はじめに:南京で何が起きたのか?
1937年、日本と中国の全面戦争――日中戦争が始まった直後、
中国の首都・南京(なんきん)が日本軍に占領されました。
その際、多くの市民や捕虜が殺害されたとされる事件が「南京事件(南京大虐殺)」です。

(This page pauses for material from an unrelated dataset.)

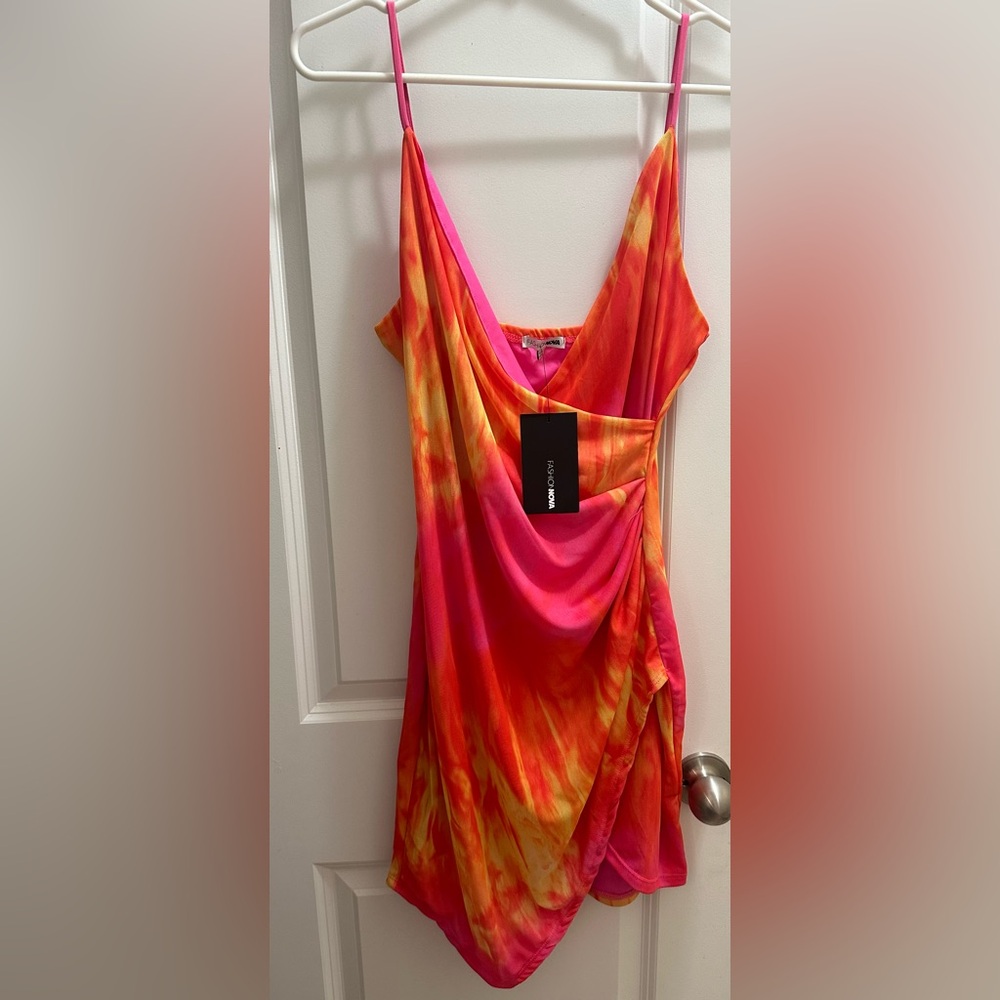Hot in Miami  Tie Dye Dress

今なお議論が続くこの事件について、歴史的背景・事件の経緯・被害の実態・評価の違いをわかりやすく解説します。
1. 南京事件とは?基本情報
発生時期:1937年12月〜1938年1月頃
場所:中華民国の首都・南京(現在の南京市)
加害側:日本陸軍(第六師団など)
被害者:主に民間人と中国軍の捕虜
日本軍が南京を占領した直後に、多数の中国人が殺害され、女性への暴行や略奪などが発生したとされています。
2. なぜ南京で事件が起きたのか?背景を探る
🔹 日中戦争の激化
1937年7月の盧溝橋事件から始まった日中戦争は、急速に拡大し、日本軍は上海を経て南京へ進軍。
🔹 南京は当時の中国の首都
政治・軍事の中心地であり、日本軍にとって象徴的な攻略目標だった
南京陥落は日本の「戦果」として大々的に宣伝された
🔹 緊張と混乱の中での占領
市民や敗残兵が入り乱れた状態での市街地占領
指揮系統が不明瞭な中、兵士の暴走や統制の欠如が生じた
3. 南京攻略戦と事件の経過
1937年12月13日:日本軍が南京を制圧(南京陥落)
その直後から――
捕虜の大量処刑
民間人の殺害
女性への集団強姦(ごうかん)
住宅の略奪・放火
などの行為が、多数報告されています。これらが「南京事件」と呼ばれるものです。
4. 被害の規模:何人が犠牲になったのか?
被害者数には諸説あり、学術的にも評価が分かれています。
出典 | 推定犠牲者数 |
---|---|
中華人民共和国政府 | 約30万人以上 |
東京裁判(極東国際軍事裁判) | 約20万人前後 |
一部の日本研究者 | 数万人規模(2万〜4万人)との見解もあり |
※ 被害者には、投降した捕虜・民間人・女性・子どもも含まれます。
5. 国際社会と報道の反応
当時、南京には欧米諸国の外交官・ジャーナリスト・宣教師らが滞在しており、以下のような反応が記録されています:
アメリカ人宣教師 ジョン・ラーベらが「南京安全区」を設置し、住民の保護に努めた
外国人による日記・写真・報告書が国際的に発信され、日本批判が強まった
一方、日本では報道統制があり、事件はほとんど伝えられなかった
6. なぜ評価が分かれるのか?日中の主張の違い
🔹 中国の主張
事件の存在と大量虐殺は「歴史的事実」
日本は謝罪と反省を続けるべきと主張
🔹 日本の一部主張
犠牲者数は誇張されている
軍紀の乱れはあったが「虐殺」と呼ぶのは不適切とする意見もある
当時の状況(戦闘混乱・便衣兵処刑など)を考慮すべきとする声
このように、資料の扱い・定義・政治的立場によって評価が大きく分かれるのが南京事件の特徴です。
7. 南京事件をどう受け止めるべきか?
南京事件は、戦争がもたらす悲劇の象徴とも言える出来事です。
史料や証言をもとに冷静かつ多角的に学ぶことが求められます。